* **Activity**:
Copy the listing below exactly. Pictures stay out of it.

* **Provided material**:

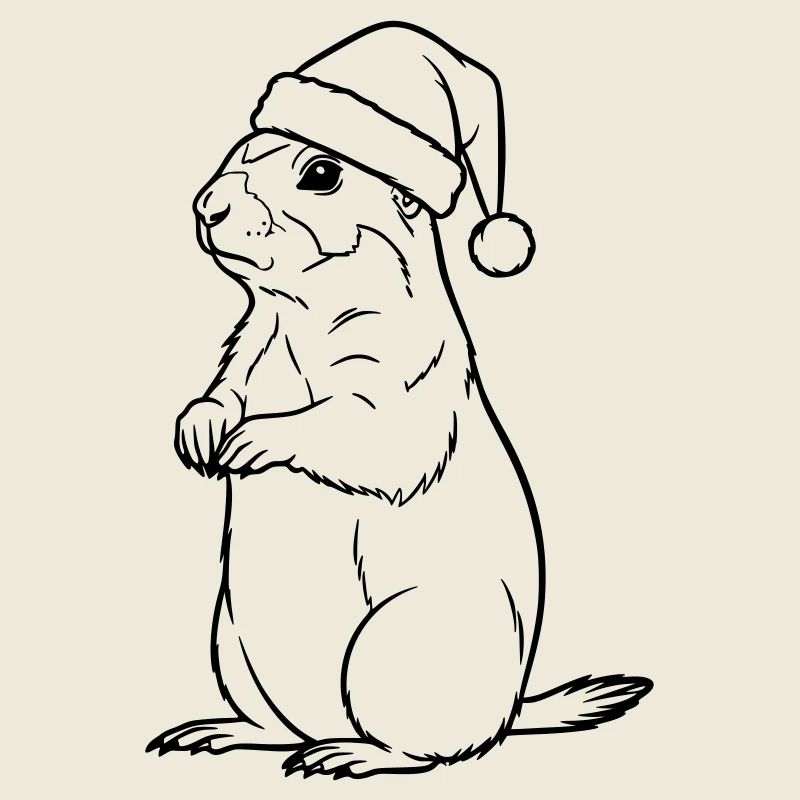 Suricate de Noël avec chapeau – Style mignon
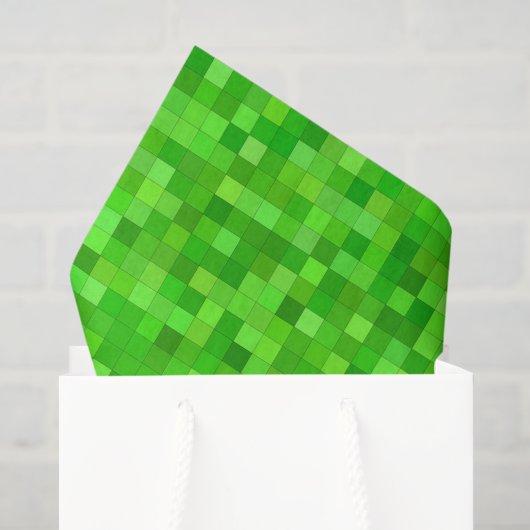 Groene Pixels Decoupage Papier, Gaming Blok Stijl Tissuepapier (Cadeauzakje)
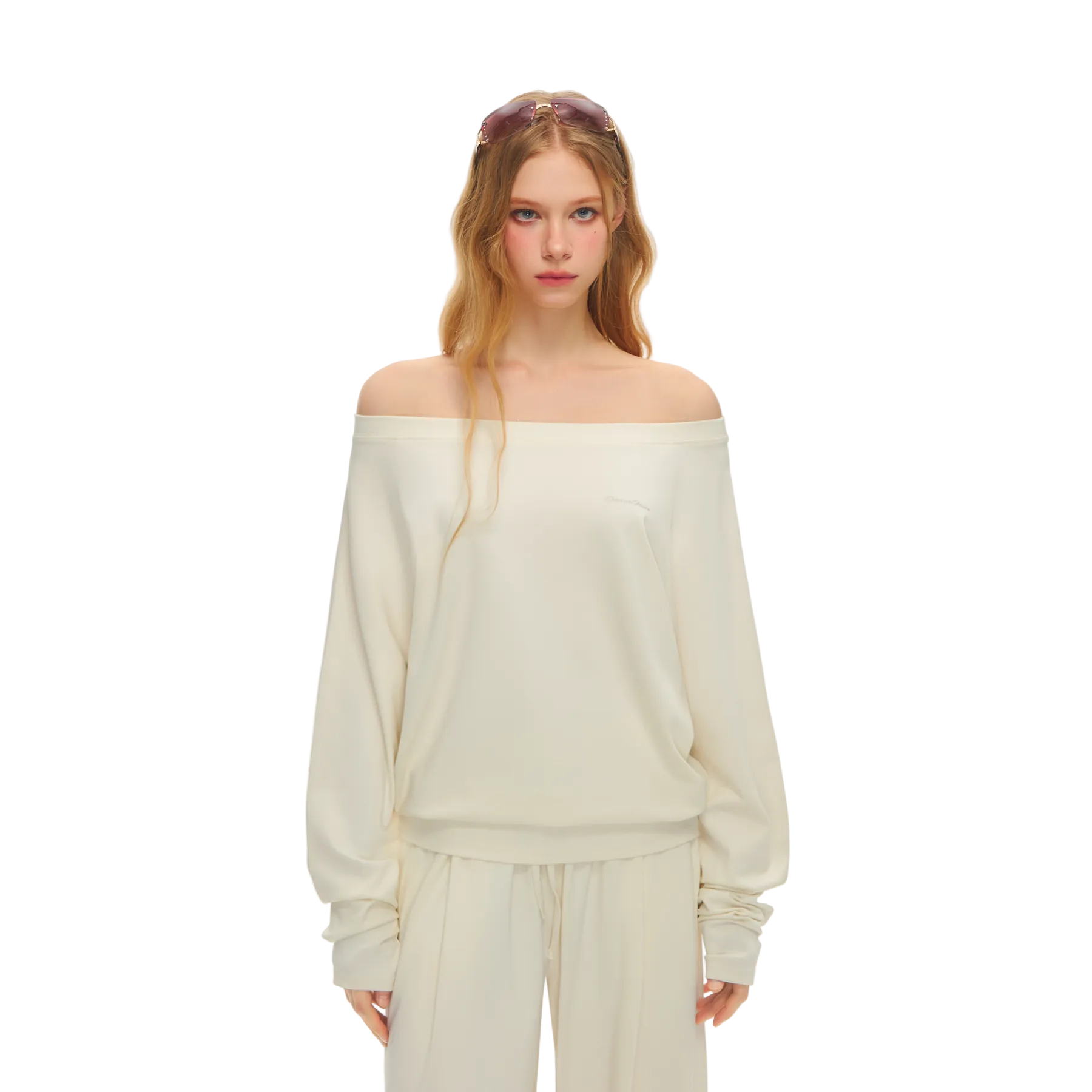 Beige Lyocell Off-Shoulder Lazy Long Sleeve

* **Task output**:
 Suricate de Noël avec chapeau – Style mignon
 Groene Pixels Decoupage Papier, Gaming Blok Stijl Tissuepapier (Cadeauzakje)
 Beige Lyocell Off-Shoulder Lazy Long Sleeve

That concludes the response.